When was it converted to front entrance? Was it for its Welfare Department service or was it an early o-m-o conversion? Good to see it back in original condition.
Frankly, considering the comparatively small number of single-deck Crossleys put into service, I’m pleasantly surprised to learn that no fewer than eighteen still survive.
I’ve always had a soft spot for them, and I’d love to see an all-Crossley Rally somewhere someday (or have I already missed them?)!
29/12/12 – 09:08
Peter Gould’s fleet lists show that 6 and 7 of the same batch were converted in 1954 and 1955 respectively yet omit a date for 5 and 8. Can’t confirm if this is an oversight or if the conversion was done after withdrawal in 1962 but the conversion looks identical to 6 and 7 rather than one done specifically for the needs of the Welfare Department.
29/12/12 – 14:05
I used to see these buses around 1961 as Pete Davies says always parked behind the Bradshawgate offices and I am pretty sure they were front entrance omo by then.
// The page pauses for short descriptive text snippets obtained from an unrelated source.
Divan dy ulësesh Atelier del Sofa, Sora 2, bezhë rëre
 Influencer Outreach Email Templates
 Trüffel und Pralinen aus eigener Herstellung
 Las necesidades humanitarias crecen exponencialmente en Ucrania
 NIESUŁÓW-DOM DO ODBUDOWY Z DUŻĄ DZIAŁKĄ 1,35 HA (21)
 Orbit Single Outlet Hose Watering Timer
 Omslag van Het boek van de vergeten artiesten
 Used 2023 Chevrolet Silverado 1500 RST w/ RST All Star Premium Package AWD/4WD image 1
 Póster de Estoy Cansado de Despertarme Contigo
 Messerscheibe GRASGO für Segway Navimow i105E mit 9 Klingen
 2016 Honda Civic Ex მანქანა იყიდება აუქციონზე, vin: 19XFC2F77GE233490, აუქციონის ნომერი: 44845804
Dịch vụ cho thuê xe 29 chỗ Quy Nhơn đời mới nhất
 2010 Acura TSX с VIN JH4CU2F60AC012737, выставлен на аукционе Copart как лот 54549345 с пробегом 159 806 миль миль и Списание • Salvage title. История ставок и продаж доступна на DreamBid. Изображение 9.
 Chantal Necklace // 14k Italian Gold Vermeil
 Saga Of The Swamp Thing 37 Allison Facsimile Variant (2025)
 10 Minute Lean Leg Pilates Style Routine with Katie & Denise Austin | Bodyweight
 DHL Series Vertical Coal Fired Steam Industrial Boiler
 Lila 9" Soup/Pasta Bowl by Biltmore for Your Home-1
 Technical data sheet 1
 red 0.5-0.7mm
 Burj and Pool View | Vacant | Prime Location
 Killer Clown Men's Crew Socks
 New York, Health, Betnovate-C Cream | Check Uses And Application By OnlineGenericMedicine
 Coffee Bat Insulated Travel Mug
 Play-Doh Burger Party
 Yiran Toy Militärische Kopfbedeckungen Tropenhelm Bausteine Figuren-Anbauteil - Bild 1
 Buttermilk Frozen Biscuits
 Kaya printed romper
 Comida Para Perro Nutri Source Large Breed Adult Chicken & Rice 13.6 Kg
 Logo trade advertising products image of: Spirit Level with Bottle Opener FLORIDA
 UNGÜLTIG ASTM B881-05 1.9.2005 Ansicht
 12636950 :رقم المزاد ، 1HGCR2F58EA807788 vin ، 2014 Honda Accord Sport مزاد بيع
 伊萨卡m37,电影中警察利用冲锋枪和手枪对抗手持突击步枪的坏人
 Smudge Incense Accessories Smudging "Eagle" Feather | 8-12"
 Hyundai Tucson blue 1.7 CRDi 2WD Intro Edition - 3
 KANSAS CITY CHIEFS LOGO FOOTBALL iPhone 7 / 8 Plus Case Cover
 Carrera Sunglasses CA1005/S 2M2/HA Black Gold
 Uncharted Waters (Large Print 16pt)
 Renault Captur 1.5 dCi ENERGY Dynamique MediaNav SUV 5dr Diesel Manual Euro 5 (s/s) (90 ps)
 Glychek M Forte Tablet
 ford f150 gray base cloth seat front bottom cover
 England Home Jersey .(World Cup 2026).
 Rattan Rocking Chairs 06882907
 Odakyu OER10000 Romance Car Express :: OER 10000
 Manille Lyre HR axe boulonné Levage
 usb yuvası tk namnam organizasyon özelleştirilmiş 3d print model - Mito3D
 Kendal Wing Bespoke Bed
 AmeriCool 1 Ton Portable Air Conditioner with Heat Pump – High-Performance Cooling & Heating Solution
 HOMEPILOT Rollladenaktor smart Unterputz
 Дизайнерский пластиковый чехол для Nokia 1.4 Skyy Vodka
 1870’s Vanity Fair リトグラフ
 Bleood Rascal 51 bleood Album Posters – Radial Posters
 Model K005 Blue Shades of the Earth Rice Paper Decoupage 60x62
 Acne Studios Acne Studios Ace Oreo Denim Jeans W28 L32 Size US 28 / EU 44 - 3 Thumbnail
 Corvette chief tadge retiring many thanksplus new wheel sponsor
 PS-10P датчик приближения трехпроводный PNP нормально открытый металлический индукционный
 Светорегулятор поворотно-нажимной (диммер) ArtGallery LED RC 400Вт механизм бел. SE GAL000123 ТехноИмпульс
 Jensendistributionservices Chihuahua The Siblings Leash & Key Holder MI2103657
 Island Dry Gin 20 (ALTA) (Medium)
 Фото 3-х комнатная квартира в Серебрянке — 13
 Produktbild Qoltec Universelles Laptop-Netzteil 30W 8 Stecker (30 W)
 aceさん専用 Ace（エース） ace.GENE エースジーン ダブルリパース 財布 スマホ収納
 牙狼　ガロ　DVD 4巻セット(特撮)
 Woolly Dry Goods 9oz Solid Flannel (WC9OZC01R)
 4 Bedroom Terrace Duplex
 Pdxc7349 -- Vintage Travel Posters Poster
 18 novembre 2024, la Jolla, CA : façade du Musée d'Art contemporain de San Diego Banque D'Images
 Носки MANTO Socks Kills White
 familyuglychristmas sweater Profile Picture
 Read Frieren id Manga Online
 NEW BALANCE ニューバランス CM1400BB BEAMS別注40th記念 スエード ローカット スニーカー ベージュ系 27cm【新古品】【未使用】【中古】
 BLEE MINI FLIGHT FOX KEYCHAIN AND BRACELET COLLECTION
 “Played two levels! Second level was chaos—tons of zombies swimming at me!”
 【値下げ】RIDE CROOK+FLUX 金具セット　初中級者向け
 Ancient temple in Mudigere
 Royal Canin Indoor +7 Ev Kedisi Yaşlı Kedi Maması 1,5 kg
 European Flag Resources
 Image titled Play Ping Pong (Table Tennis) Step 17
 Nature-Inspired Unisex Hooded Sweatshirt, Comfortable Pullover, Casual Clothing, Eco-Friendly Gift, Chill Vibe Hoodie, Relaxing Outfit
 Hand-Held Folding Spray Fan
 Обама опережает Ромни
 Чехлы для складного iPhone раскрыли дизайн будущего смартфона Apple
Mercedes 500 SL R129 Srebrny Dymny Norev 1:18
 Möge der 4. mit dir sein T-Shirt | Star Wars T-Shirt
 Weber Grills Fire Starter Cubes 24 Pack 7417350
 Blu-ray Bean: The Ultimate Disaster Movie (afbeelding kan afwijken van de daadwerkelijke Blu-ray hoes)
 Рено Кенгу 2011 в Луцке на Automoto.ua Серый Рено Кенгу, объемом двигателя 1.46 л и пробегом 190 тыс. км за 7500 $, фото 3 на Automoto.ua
Bolton’s need for single deckers was quite small and the few routes they operated were infrequent services to the north of the town so I suppose these buses spent long periods on layover. I don’t ever recall seeing one on the move.
30/12/12 – 07:17
I used to think that all had been converted to front-entrance but this was not so. 5 remained rear-entrance and I have a photograph of it in Cowley’s yard in Salford, still with rear entrance.
6 and 7 were full one-man conversions and featured an angled cab side window for the driver to collect fares.
8 was converted later and no doubt used a lot of the principles adopted for 6 and 7. However, there was no fare collection on a Welfare Bus so the angled window wasn’t needed. In fact it would have caused a problem on this bus as it was fitted with a heater in this role (I don’t believe they had them before) and the pipes went up in a box enclosure in the corner where the angled window would have been. The heater was above the bulkhead window – pre-dating the Leyland National physics-defying arrangement by some years!
Another difference was the blind display. Instead of a destination plus three-track number blind, there was just a single destination. This had a blind which if I recall correctly had just a single display "Welfare". Inside of course the bus was completely different, with longitudinal seating and a tail lift at the rear.
30/12/12 – 08:51
Thanks for that info David. Interesting that they didn’t need a ramp or chair lift as many Welfare Departments specified when converting buses from the Transport Department
30/12/12 – 09:45
The tail lift was a chair lift – sorry if I gave the wrong impression.
30/12/12 – 17:27
Ah, my error in interpretation.
I travelled on this bus on what was billed as its first day of service boarding it at the top of Halliwell Road and travelling up to Smithills Dean CE School It was my favourite ‘though No 6 was reputed to be faster!
29/01/13 – 15:28
I have owned DBN 978 partly from 1971 as a Crossley Omnibus Society member and wholly in August 1974 onwards. The bus is presently taxed and insured. Just waiting to refit the overhauled starter motor.
The bus has been operated more or less trouble free since 1997 when the engine was rebuilt. The only major event was a broken offside leafspring in 1997. Due to personal circumstances it has been laid up for the past 2 years until now. The starter was found to have become coated with rust in this period hence the overhaul. Next rally will be in April to Dukinfield.
Almost forgot! The bus can be viewed at Tameside Transport Collection at Roaches, Mossley where it is kept. Just off the A635 if you come from Manchester a road off to the right just before the Saddleworth/Yorkshire border. If you pass the sign you missed it! The bus has been a regular rally attender for years including European destinations of Noordwijk aan Zee and Amsterdam.